Best-On-Intel: Intel Labs On Their Development Of AutoQ, An Efficient Framework For Quantization Using OpenVINO Toolkit And SigOpt

Tobias Andreasen, Vui Seng Chua, Chaunté W Lacewell, Nilesh Jain (Intel Labs), and Alexander Kozlov (OpenVINO)

After joining Intel, the SigOpt team has continued to work closely with groups both inside and outside of Intel in order to enable modelers everywhere to accelerate and amplify their impact with the SigOpt intelligent experimentation platform.

One of those teams has been Intel Labs, which has been developing a novel approach to quantization called AutoQ. The team has been leveraging the SigOpt Bring-Your-Own-Optimizer (BYOO) capabilities for their project in order to handle experiment management without worrying about tracking and visualization.
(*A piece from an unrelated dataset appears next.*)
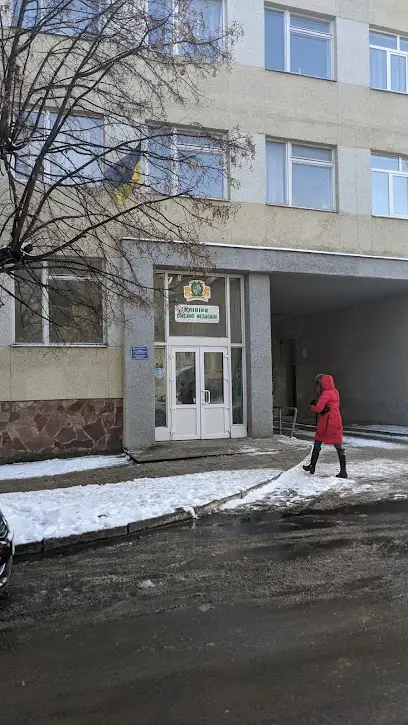 Дитяче поліклінічне відділення №1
If you are interested in using BYOO and the other SigOpt features, sign up for free today.

In two sentences, what is AutoQ?

AutoQ is an automated solution that improves the scalability and productivity of model quantization. AutoQ employs Automated Machine Learning (AutoML) algorithms to automatically assign precision for different layers of the deep neural network (DNN) to minimize accuracy degradation, maximize performance, significantly (>100x) improve productivity and alleviate the reliance on subject matter experts.

You mentioned quantization, what is that and why is it important?
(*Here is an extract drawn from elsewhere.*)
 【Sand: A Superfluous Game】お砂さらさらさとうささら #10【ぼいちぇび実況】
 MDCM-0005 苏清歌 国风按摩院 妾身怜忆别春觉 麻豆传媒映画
Machine learning models, especially DNNs, are ubiquitous given their predictive power and robustness for intelligent applications. However, they are over-parameterized and demand large computational and memory footprints, leading to inferior performance, low energy efficiency and, oftentimes, misalignment with requirements for deployment.

Quantization is a method for translating the trained models into lower precision arithmetic. For example, models trained in full-precision (FP32) can be mapped to lower precision format e.g. FP16, 8-bit, or 4-bit integers. Mapping a model to 8-bit arithmetic reduces 4x of the memory footprint, and theoretically it can improve compute performance by 4x. Upcoming AI hardware platforms are starting to come up with efficient implementation of low precision arithmetic.
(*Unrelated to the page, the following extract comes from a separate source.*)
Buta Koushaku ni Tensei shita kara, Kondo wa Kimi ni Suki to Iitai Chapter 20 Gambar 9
But quantization introduces distortion to the model parameters and could degrade the accuracy of the already trained DNNs. In practice, the process of quantization involves tweaking the quantization parameters such as skipping sensitive layers or assigning different precision per layer in order to minimize accuracy impact while maximizing performance and power efficiency.

To whom is this research important?

This research is important to Intel’s customers who are deploying deep learning into production and running these on Intel processors. The conventional approach relies on human expertise and is largely manual. In this manual scenario, engineers first decide on a representative subset of data. Then they painstakingly calibrate the quantization parameters, layer by layer, to minimize distortion in order to retain the model accuracy and optimize for performance after deployment.

This process is iterative in nature and labor-intensive. It can take weeks for a given model depending on the domain experience of the engineers and complexity of the model. Consider quantizing a prominent image classification model, like ResNet-50, in a mixture of 8, 4, 2 precision. In that scenario there would be 3^100 possible combinations for its 50 layers of convolutions and 50 activation functions.

In practice, each Intel Customer has many models to be quantized and a variety of different solutions may be required for Intel’s rich AI solutions spanning edge to cloud. To address this productivity challenge, a scalable and automated solution is critical to optimize a large set of models for deployment.

What piqued your interest in this specific type of research?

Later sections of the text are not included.